Knapsack Problem with Dependencies#

This means that item i depends on item j, which means that if item i is selected, item j must also be selected.

You can first perform a 0-1 knapsack on the "attachment set" of the main item k, and get the maximum value for costs 0 to V - Ck. Then, the main item and its attachments are equivalent to a group of V - Ck + 1 items, where the cost of item v is Fk[v - Ck] + Wk, and the range of v is Ck ≤ v ≤ V. In other words, in the original exponential strategy, many strategies are redundant. After performing a 0-1 knapsack, the main item k and its attachments are converted into a group of V - Ck + 1 items, and the problem can be solved directly using the group knapsack algorithm.

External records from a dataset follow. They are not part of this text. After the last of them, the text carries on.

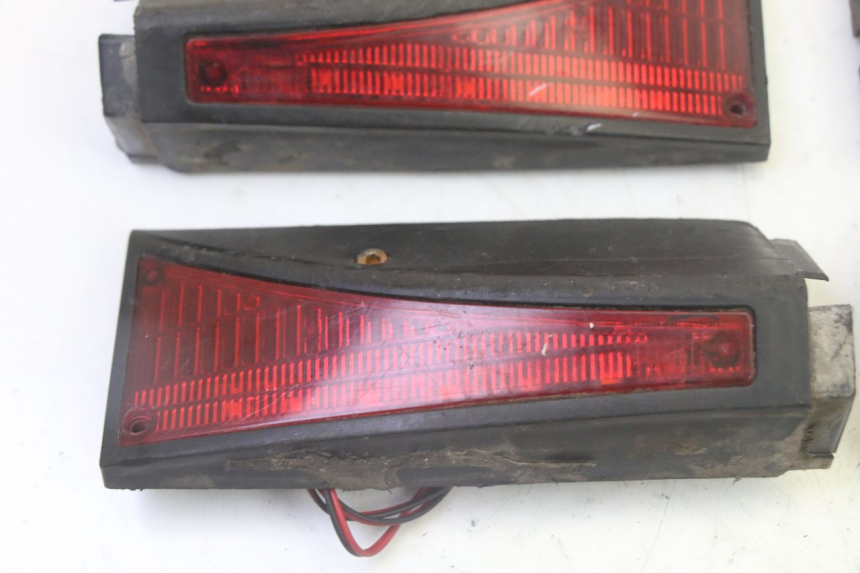 photo de STANDLICHT HITWAY H5 1 - Andere kijkhoek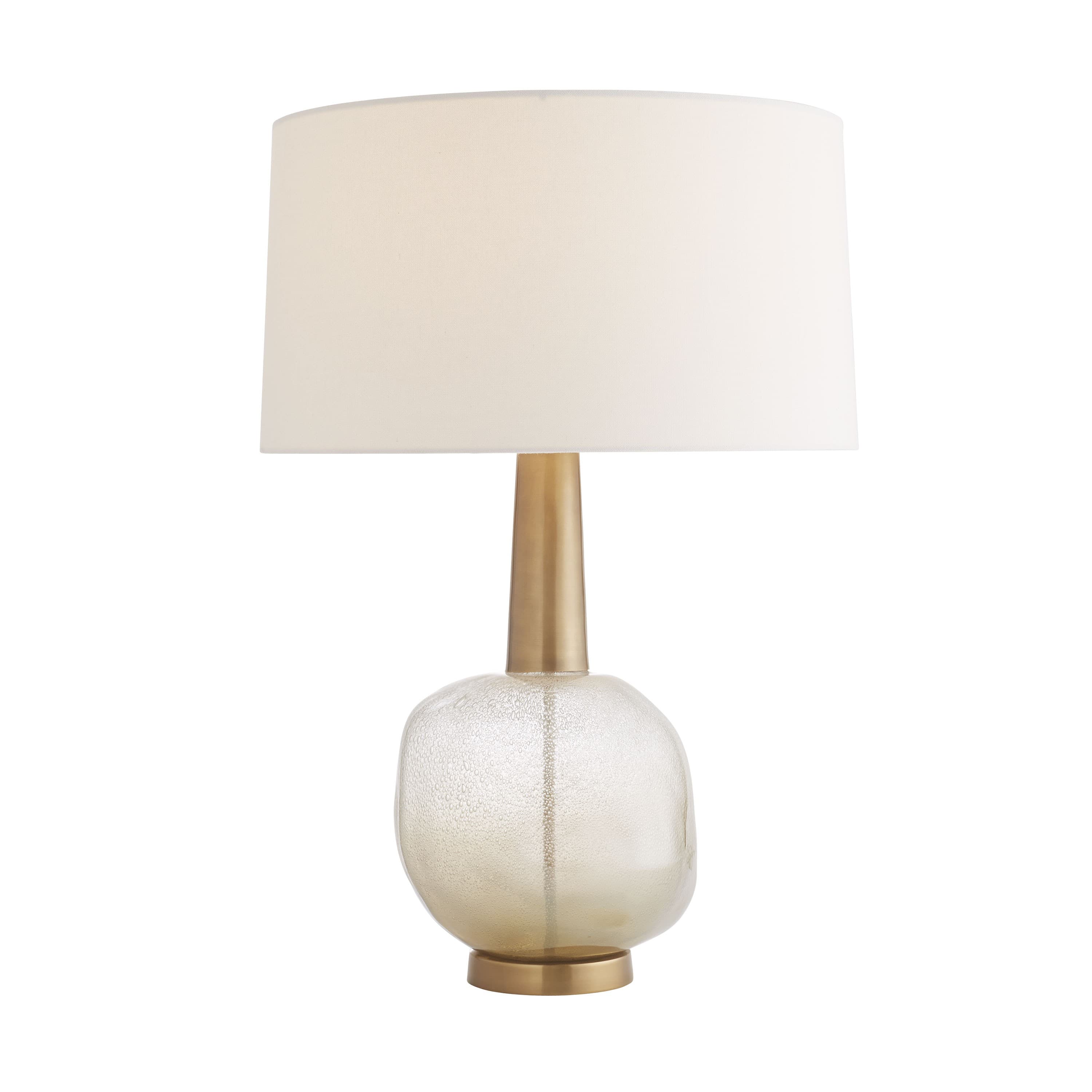 Настольная лампа Arteriors home Elise Lamp Arteriors home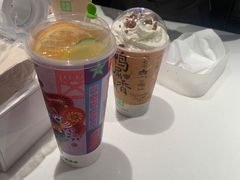 -奈雪的茶(新天地广场PRO店)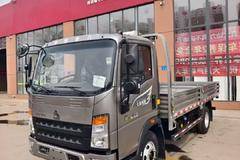 限时特惠，立降0.2万！唐山市悍将载货车系列疯狂促销中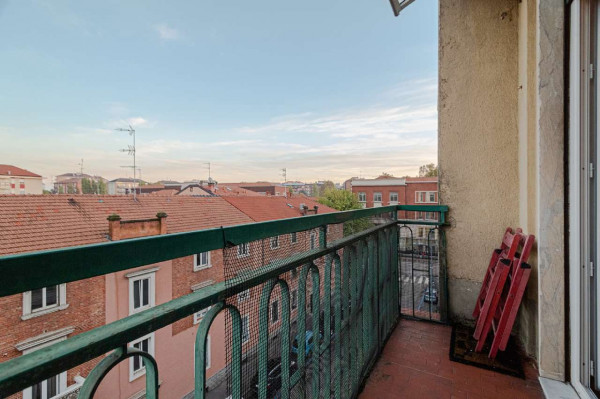 Appartamento in vendita a Milano, Bande Nere, Arredato, 80 mq - Foto 14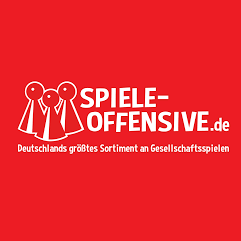 Spiele-Offensive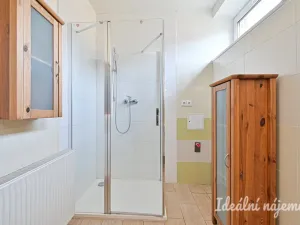 Pronájem bytu 1+kk, Mysločovice, 42 m2
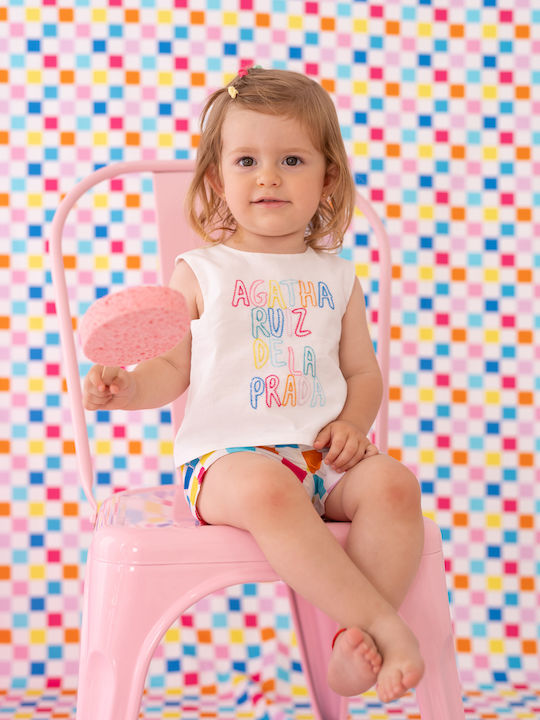 Agatha Ruiz De La Prada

Summary of Knapsack Problems (Part 2)

/*
This means that there are dependencies between items, such as i depends on j, which means that if item i is selected, item j must also be selected
http://acm.hdu.edu.cn/showproblem.php?pid=3449
There are many boxes, and buying the items in the box requires buying the box first, which is a typical dependent knapsack problem
The boxes are numbered from 1 to n, and the number of items in each box is cnt[i]
Then the boxes are called main items, and the items in the boxes are called attachments
Then consider a main item and its attachment set, then there are 2^n+1 strategies, and each strategy is mutually exclusive. So it is a group knapsack problem.
But it cannot be processed like a general group knapsack, because there are 2^n+1 in the group.
But considering that when the cost is the same, only the one with the maximum value is selected. So you can perform a 0-1 knapsack on the attachments to get the maximum value for costs v-c[i]...0
dp2[v-c[i]...0]

*/
#include <stdio.h>
#include <string.h>
int dp[100000+10],dp2[100000+10];
int box[55],cnt[55],price[55][11],value[55][11];
inline int max(const int &a, const int &b)
{
    return a < b ? b : a;
}
int main()
{
    int n,v,i,j,k;
    while(scanf("%d%d",&n,&v)!=EOF)
    {
        memset(dp,0,sizeof(dp));
        for(i=1; i<=n; ++i)
        {
            scanf("%d%d",&box[i],&cnt[i]);
            memcpy(dp2,dp,sizeof(dp));
            for(j=1; j<=cnt[i]; ++j)
            {
                scanf("%d%d",&price[i][j],&value[i][j]);
                for(k=v-box[i]; k>=price[i][j]; --k)//Performing 0-1 knapsack on the attachments, each dp2[k] corresponds to a strategy in the group
                    dp2[k] = max(dp2[k],dp2[k-price[i][j]]+value[i][j]);
            }
            for(k=box[i];k<=v; ++k)
                dp[k] = max(dp[k],dp2[k-box[i]]);//When the capacity is k, compare the maximum value obtained by selecting the i-th group of items with not selecting it
        }
        printf("%d\n",dp[v]);
    }
    return 0;
}